But sure, if you have the resources i think they are a great addition to a frog diet.


----------



## Ed (Sep 19, 2004)

I was unable to locate even a basic analysis of them.


----------



## tim13 (Feb 1, 2011)

Just for the record, I would LOVE to get a hold of some of these to try out as well.


----------



## radiata (Jul 24, 2010)

A friend has these, but has found them too fast to feed to dart frogs. By the time the frog says to himself "Oooo... look at that", they're gone.


----------



## jbherpin (Oct 16, 2009)

I thought that they would hide in the leaf litter and be consumed sporatically as they present themselves much in the same manner as Springtails. I will give them a go, and let you all know the result.

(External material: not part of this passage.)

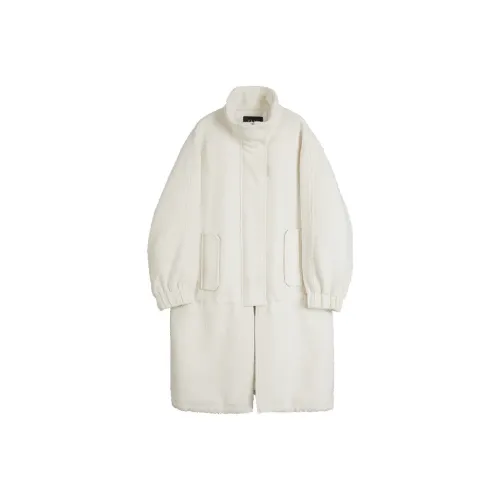 ELLE Пуховая куртка Женская Экрю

Thanks for all the input! You all MAKE this community great!

JBear


----------



## gosaspursm (Mar 12, 2011)

Has anyone been able to locate firebrats for sale in the US? I would love to pick some up but would like to avoid doubleds due to their insane shipping fees. Thanks


----------



## radiata (Jul 24, 2010)

gosaspursm said:


> Has anyone been able to locate firebrats for sale in the US? I would love to pick some up but would like to avoid doubleds due to their insane shipping fees. Thanks


Here's a link...
Firebrats Starter Culture (Thermobia domestica) - Feeder Insects / Livefood - USA

Where are you located?


----------